[Felieton "TS"] Paweł Janowski: Sztachety! Dołączmy do Palety!
![[Felieton "TS"] Paweł Janowski: Sztachety! Dołączmy do Palety!](https://www.tysol.pl/imgcache/750x530/c//zdj/zdjecie/36041.jpg)
Specjalistą od produkcji demokratycznych palet, także na rynek polski, jest George Soros. Znany miłośnik zakrzywienia wyobraźni i bałaganu kontrolowanego. Jego palety są dostosowane do przenoszenia towarzyszy o niestandardowych rozmiarach, postępowych poglądach i progresywnych uzasadnieniach. W Polsce ostatnimi laty dostarczaniem demo-palet zajmuje się firma ulokowana w centrum Berlina. Nie zdradzę adresu, ale jeżeli ktoś jest zainteresowany, to proszę dzwonić na Berdyczów. Tam wiedzą i powiedzą.
Trzeba nadmienić, że niekiedy z racji chybotliwości towaru o pochodzeniu wojowniczo-lewackim montuje się na palecie tzw. nadstawki paletowe, czyli drewniane, szczelne obudowy, osłaniające z boków i z góry towar. To jest dodatkowe zabezpieczenie przed niepotrzebnymi wątpliwościami, złośliwymi pytaniami dziennikarzy, odchodami ptaków i docinkami przechodniów. W takich warunkach można wozić towar i poglądy po całej Polsce bez narażania ich na skutki związane z powrotem zdrowego rozsądku i agresywną matematyką, która upiera się, że 2 plus 2 to 4. Następnie dyżurnych marszowników wypakowuje w dogodnym miejscu, gdzie nieoczekiwanie czekają kamery TVN i niezależni od Niemiec dziennikarze.
Istnieją także palety izotermiczne, zapewniające utrzymanie określonej temperatury duchowej. Wówczas, gdy dochodzi do rozpakowania towarzysza demokraty, dajmy na to w pobliżu urzędu miasta lub kościoła parafialnego, następuje efektowna eksplozja tolerancji, kolorowatości i wszelkich innych przyjemności. W takiej chwili idealna temperatura unosi się smacznie wśród haseł tęczyzmu wojującego. A jako że Paleta Obywatelska jest nowoczesna, idzie razem wiosną, latem, zimą i jesienią z towarzyszami demokratami spod każdego drzewa i latarni, to Grzegorz, Ola i Joanny przewidzieli osobne, dostosowane palety dla marszowników o strukturze płynnej. To są paletozbiorniki – palety zintegrowane ze zbiornikiem, przeznaczone do przewozu płynów, towarzyszy płciowo labilnych, a także materiałów sypkich.

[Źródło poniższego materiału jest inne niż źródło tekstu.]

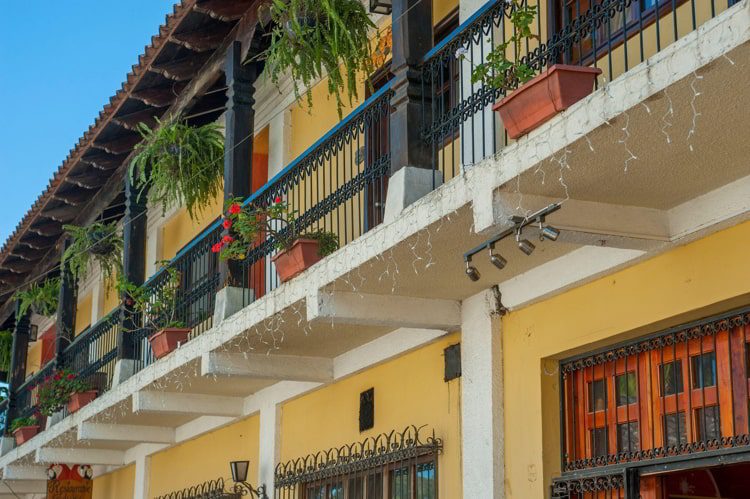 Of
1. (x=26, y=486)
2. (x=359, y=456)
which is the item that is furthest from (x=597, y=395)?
(x=26, y=486)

Pamiętajmy, Paleta jest dla wszystkich, którzy lubią być wożeni, przenoszeni, pokazywani i dojeni. Dla tych, którzy nigdy nie spotkali się z czynnością dojenia, przypomnę, że polega ona na uzyskiwaniu wymarzonego produktu, korzyści lub innych słodkości z wymion społecznie naiwnych środowisk i samic ssaków (m.in. krów, kóz, owiec, kobył i wielbłądzic). Proces dojenia wykonywany może być ręcznie, mechanicznie lub na skalę przemysłową przez międzynarodowe korporacje zarejestrowane w rajach podatkowych za pomocą dojarki elektrycznej, udających idiotów ministrów finansów lub skorumpowanych urzędników różnych szczebli, których łączy jedno – skleroza.
Na koniec mam prośbę: towarzysze, tęczownicy, harcownicy – zapraszam wszystkich jeszcze niespakowanych, nieforemnych, marzących o regularnych przelewach – razem do Palety. Demokraci wszystkich kolorów, łączcie się w palety, bo pojedynczo to cienkie z was sztachety.